Short text fragments from websites:
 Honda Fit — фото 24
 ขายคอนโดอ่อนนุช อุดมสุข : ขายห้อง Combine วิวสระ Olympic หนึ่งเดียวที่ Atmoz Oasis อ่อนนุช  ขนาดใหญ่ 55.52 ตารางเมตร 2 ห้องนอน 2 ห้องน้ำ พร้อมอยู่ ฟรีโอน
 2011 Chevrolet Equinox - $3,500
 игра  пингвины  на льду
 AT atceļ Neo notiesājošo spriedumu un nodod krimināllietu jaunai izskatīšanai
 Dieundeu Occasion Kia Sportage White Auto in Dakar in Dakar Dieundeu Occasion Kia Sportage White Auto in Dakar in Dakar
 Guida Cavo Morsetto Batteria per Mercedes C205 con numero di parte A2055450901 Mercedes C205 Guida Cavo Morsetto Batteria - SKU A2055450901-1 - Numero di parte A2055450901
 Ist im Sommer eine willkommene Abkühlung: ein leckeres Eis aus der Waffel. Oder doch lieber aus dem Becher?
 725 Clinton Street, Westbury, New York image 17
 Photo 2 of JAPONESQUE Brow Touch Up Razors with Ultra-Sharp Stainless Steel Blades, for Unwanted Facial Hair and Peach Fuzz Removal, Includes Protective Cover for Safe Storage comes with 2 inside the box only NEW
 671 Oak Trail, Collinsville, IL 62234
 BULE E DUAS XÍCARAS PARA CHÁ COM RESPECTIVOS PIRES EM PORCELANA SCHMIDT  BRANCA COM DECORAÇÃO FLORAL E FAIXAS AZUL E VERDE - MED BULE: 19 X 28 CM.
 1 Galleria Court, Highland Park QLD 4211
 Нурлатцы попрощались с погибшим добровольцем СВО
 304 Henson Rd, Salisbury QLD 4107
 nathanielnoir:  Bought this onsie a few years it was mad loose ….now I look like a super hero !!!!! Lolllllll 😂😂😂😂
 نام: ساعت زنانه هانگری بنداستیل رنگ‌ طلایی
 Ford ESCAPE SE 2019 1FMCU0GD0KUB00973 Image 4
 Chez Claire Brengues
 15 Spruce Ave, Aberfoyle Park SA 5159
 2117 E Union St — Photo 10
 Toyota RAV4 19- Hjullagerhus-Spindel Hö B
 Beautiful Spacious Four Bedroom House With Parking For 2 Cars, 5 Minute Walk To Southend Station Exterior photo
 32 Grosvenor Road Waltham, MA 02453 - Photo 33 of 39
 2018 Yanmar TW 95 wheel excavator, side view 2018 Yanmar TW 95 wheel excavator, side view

* Assignment *
Repeat, word for word, the lines from the start of the records to the line that contains "304 Henson Rd, Salisbury QLD 4107", both of them included, and no others.

* Task solution *
 Honda Fit — фото 24
 ขายคอนโดอ่อนนุช อุดมสุข : ขายห้อง Combine วิวสระ Olympic หนึ่งเดียวที่ Atmoz Oasis อ่อนนุช  ขนาดใหญ่ 55.52 ตารางเมตร 2 ห้องนอน 2 ห้องน้ำ พร้อมอยู่ ฟรีโอน
 2011 Chevrolet Equinox - $3,500
 игра  пингвины  на льду
 AT atceļ Neo notiesājošo spriedumu un nodod krimināllietu jaunai izskatīšanai
 Dieundeu Occasion Kia Sportage White Auto in Dakar in Dakar Dieundeu Occasion Kia Sportage White Auto in Dakar in Dakar
 Guida Cavo Morsetto Batteria per Mercedes C205 con numero di parte A2055450901 Mercedes C205 Guida Cavo Morsetto Batteria - SKU A2055450901-1 - Numero di parte A2055450901
 Ist im Sommer eine willkommene Abkühlung: ein leckeres Eis aus der Waffel. Oder doch lieber aus dem Becher?
 725 Clinton Street, Westbury, New York image 17
 Photo 2 of JAPONESQUE Brow Touch Up Razors with Ultra-Sharp Stainless Steel Blades, for Unwanted Facial Hair and Peach Fuzz Removal, Includes Protective Cover for Safe Storage comes with 2 inside the box only NEW
 671 Oak Trail, Collinsville, IL 62234
 BULE E DUAS XÍCARAS PARA CHÁ COM RESPECTIVOS PIRES EM PORCELANA SCHMIDT  BRANCA COM DECORAÇÃO FLORAL E FAIXAS AZUL E VERDE - MED BULE: 19 X 28 CM.
 1 Galleria Court, Highland Park QLD 4211
 Нурлатцы попрощались с погибшим добровольцем СВО
 304 Henson Rd, Salisbury QLD 4107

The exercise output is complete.